Click the Run button at the top. In the cost estimation page, click Run.
Click in the query results to view the visualized chart results. You can click in the upper-right corner of the chart to customize the chart style.
You can also click Save in the upper-right corner of the chart to save the chart as a card, and then click Card () in the left navigation pane to view it.

Next steps

For details on modules and parameters, see Data Studio (new version) and Data Analysis.
In addition to the modules introduced in this tutorial, DataWorks also supports multiple modules such as Data Modeling, Data Quality, Data Security Guard, DataService Studio, Data Integration, and Node scheduling configuration, providing you with one-stop data monitoring and O&M.
You can also experience more DataWorks practice tutorials. For specific content, see More use cases and tutorials.
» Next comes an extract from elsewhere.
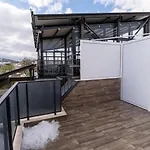 Appartement Chic 1br With Balcony In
Resource release and cleanup

To release resources:

Stop auto-triggered tasks.
1. Log on to the DataWorks console. In the top navigation bar, select the desired region. In the left-side navigation pane, choose Data Development and O&M > Operation Center. On the page that appears, select the desired workspace from the drop-down list and click Go to Operation Center.
2. In Auto Triggered Node O&M > Auto Triggered Nodes, select all previously created periodic tasks (the workspace root node does not need to be taken offline), and then click More Actions > Undeploy at the bottom.
Delete nodes and unbind MaxCompute resources.
1. Go to the Workspaces page in the DataWorks console. In the top navigation bar, select a desired region. Find the desired workspace and choose Shortcuts > Data Studio in the Actions column.
2. In the left navigation pane of DataStudio, click to enter the data development page. Then, in the Workspace Directoies area, find the created workflow, right-click the workflow, and click Delete.
3. In the left navigation pane, click > Computing Resources, find the associated MaxCompute computing resource, and click Disassociate. In the confirmation window, check the options and follow the instructions.
Delete MaxCompute project.
Go to the MaxCompute Project Management page, find the created MaxCompute project, click Delete in the Actions column, and follow the instructions to complete the deletion.
Delete DataWorks workspace.
1. In the DataWorks Console, find the workspace and click Actions > Delete Workspace.
2. In the Delete Workspace dialog box, click OK to delete the workspace.